[What to do]
Transcribe the lines exactly, beginning with the one that contains "10月2日 明石公園 13" and ending with the final line of the records. Do not transcribe pictures.

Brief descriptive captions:
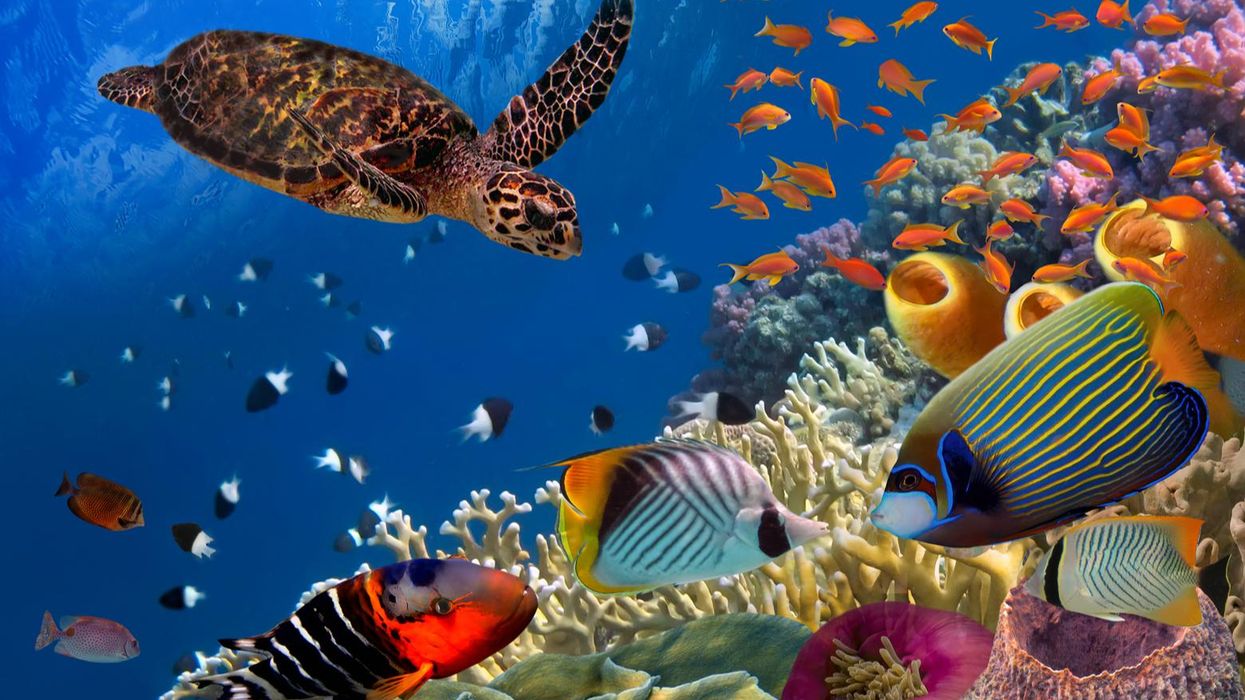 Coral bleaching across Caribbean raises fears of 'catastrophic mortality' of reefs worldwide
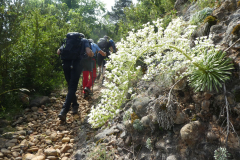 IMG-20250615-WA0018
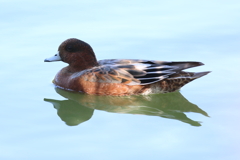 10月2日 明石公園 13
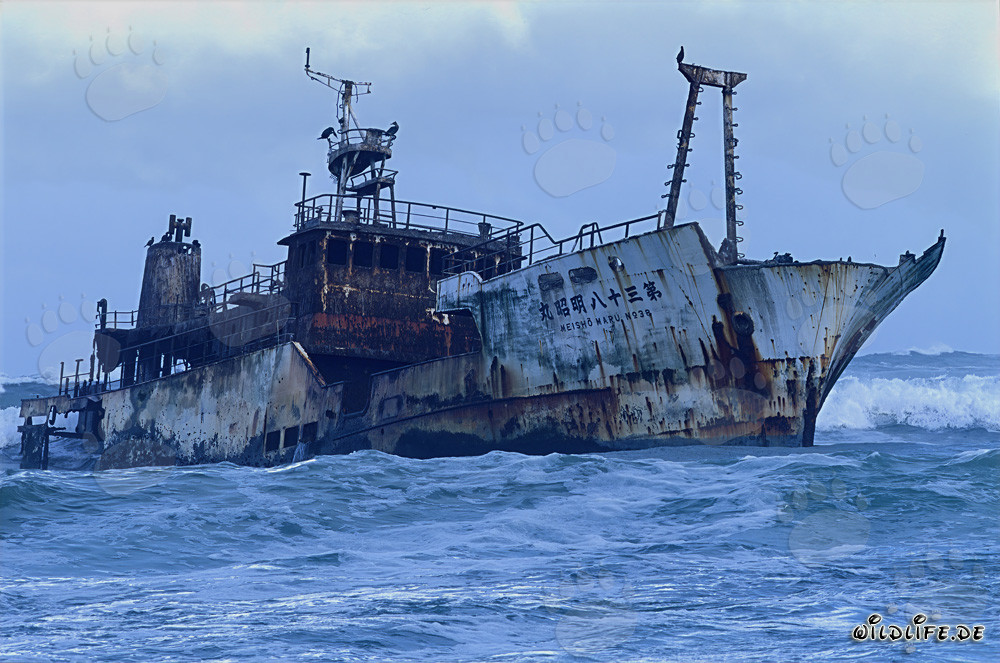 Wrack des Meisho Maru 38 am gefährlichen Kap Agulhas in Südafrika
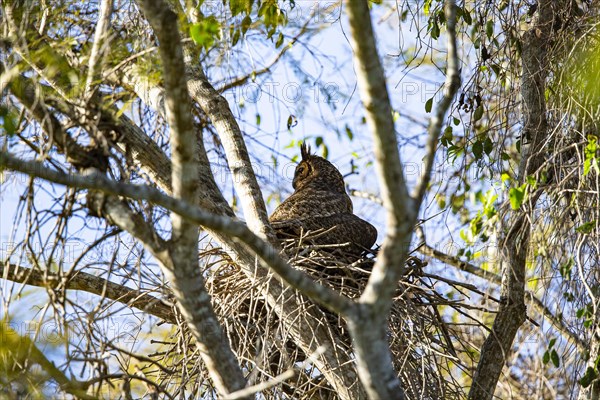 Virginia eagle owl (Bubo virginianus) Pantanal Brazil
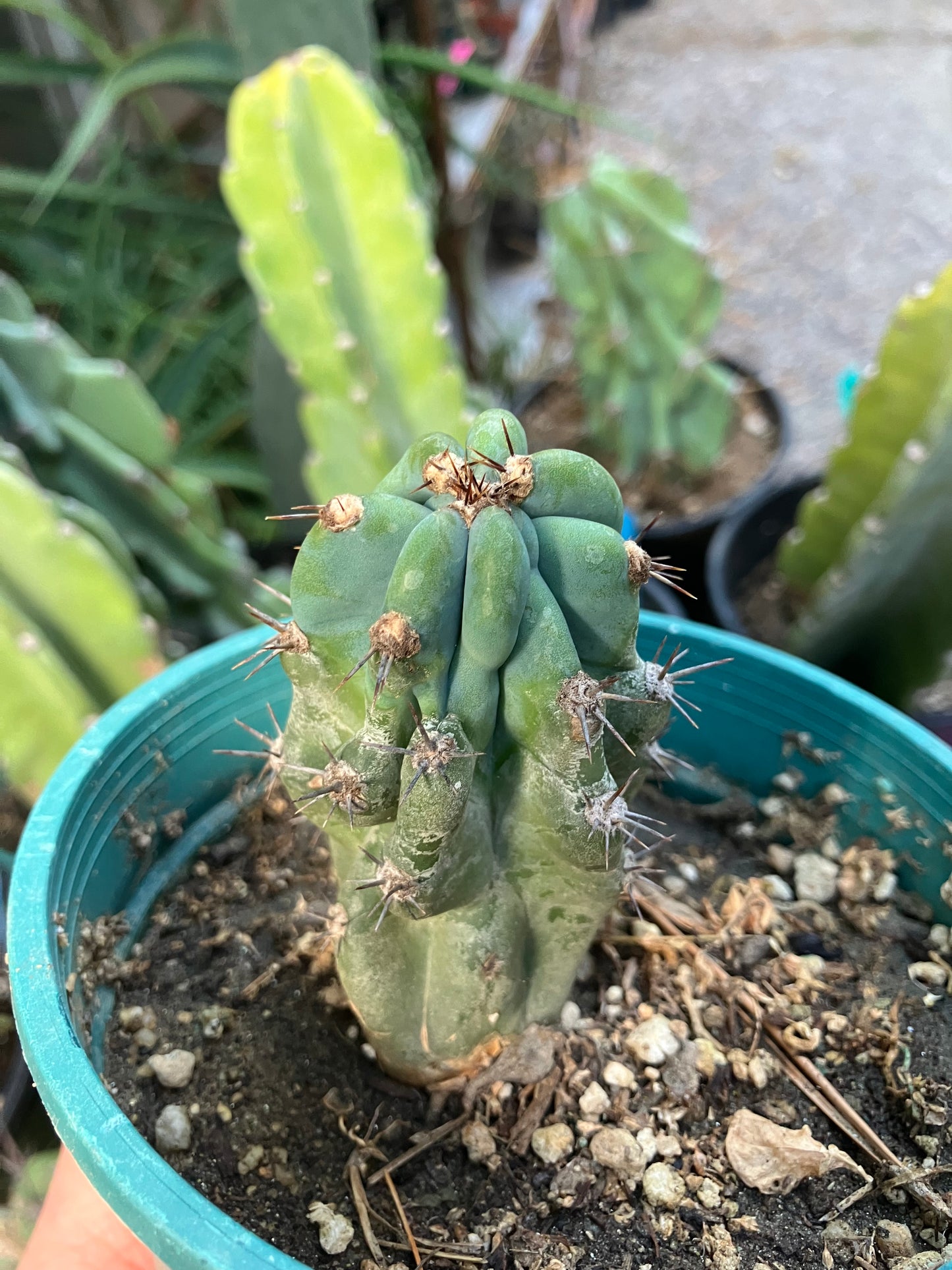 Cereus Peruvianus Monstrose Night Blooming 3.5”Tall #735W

[Task solution]
 10月2日 明石公園 13
 Wrack des Meisho Maru 38 am gefährlichen Kap Agulhas in Südafrika
 Virginia eagle owl (Bubo virginianus) Pantanal Brazil
 Cereus Peruvianus Monstrose Night Blooming 3.5”Tall #735W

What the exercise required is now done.